Quien advirtió que el conflicto yugoslavo no se resolvería
fácilmente, tenía toda la razón. Tampoco hacía falta ser un experto
para saber que un tirano tan sanguinario como Slobodan Milosevic no
sería fácil de vencer porque él y quienes le secundan y apoyan no
tienen límites de conciencia a la hora de atacar y menos a la de
defenderse. El genocidio se realiza, ahora, a la desesperada y se
intenta extender el conflicto a Albania, Montenegro y Croacia.

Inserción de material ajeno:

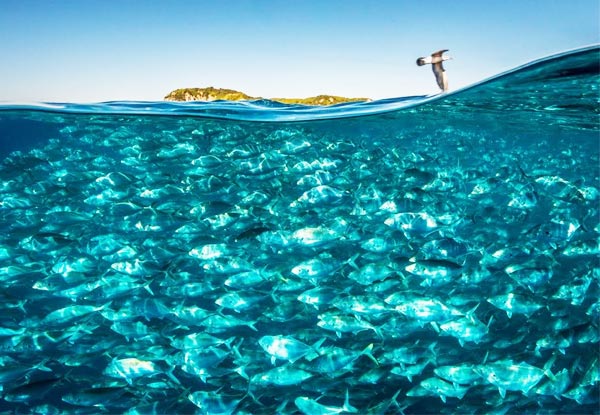 From $30 for a Sightseeing & Snorkeling Experience Around Kawau & Tawharanui - Options for Island Experiences to Great Barrier, Mokohinaus & Hen & Chicks (value up to $200)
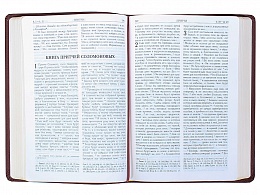Библия в кожаном переплете, золотой обрез, две закладки (арт. 05240)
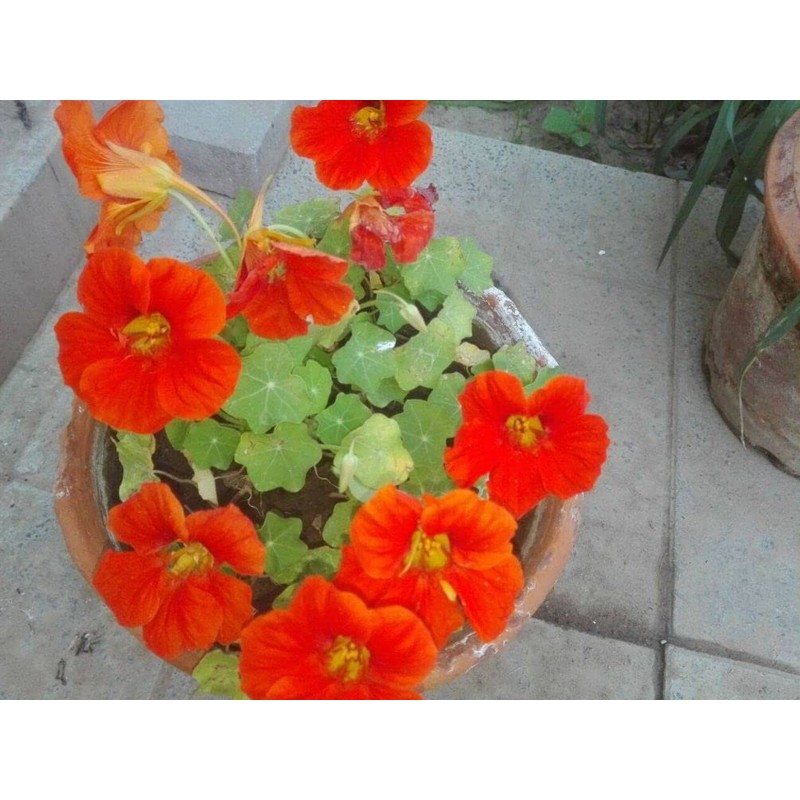20pcs Mixed Nasturtium Flower Seeds Beautiful Flower Bonsai Decor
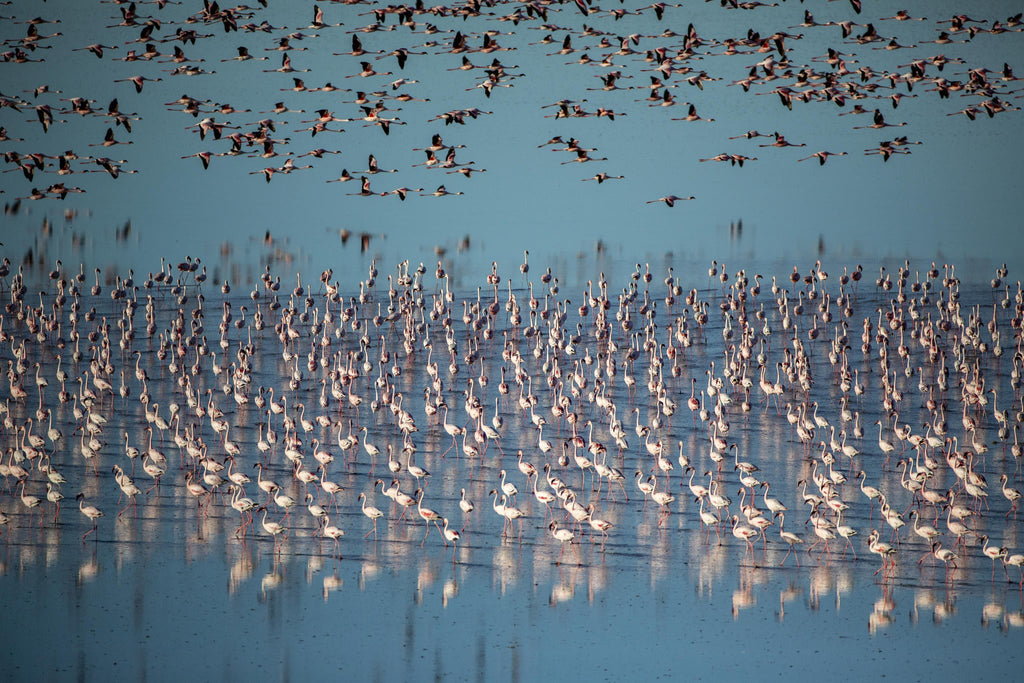 Flamingo Migration  gallery image 2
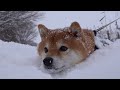 柴犬ハチ、予想を軽く超えてきた大雪で絶望する。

Las fuerzas serbias, ya sean militares, policiales o
paramilitares, no reconocen ninguna frontera, ni física ni política
ni moral. De manera que penetran en territorios más allá de sus
fronteras y atacan a las poblaciones civiles con la evidente
intención de practicar el «cuanto peor, mejor». Expulsan a los
kosovares de su territorio y, a la vez, les cierran las fronteras
condenándoles a errar famélicos, desabrigados, sin techo, sin
comida y sin esperanzas.
Es un castigo mucho peor que el sufrido hasta el momento, que se
complementa con las matanzas de montenegrinos y los ataques a los
albaneses en su propio país. Era de esperar de una fiera acorralada
que no tiene más que un aliado, Boris Yeltsin y Rusia, que, como el
patriarca de la Iglesia ortodoxa de todas las Rusias, no puede
ofrecerle más que apoyo moral.
Lo único que puede hacer Rusia es oponerse, sin resultado
alguno, a las decisiones que van tomándose sin que se tenga en
cuenta su opinión. Necesita demasiado el dinero del exterior para
hacer una oposición seria a la OTAN y, especialmente, a los Estados
Unidos. La gran Serbia sólo tiene, en un débil Yeltsin, un icono de
yeso. Ahora sólo falta ver si habrá ataque contra la salida
yugoslava al Adriático o embargo de cualquier tipo a Yugoslavia.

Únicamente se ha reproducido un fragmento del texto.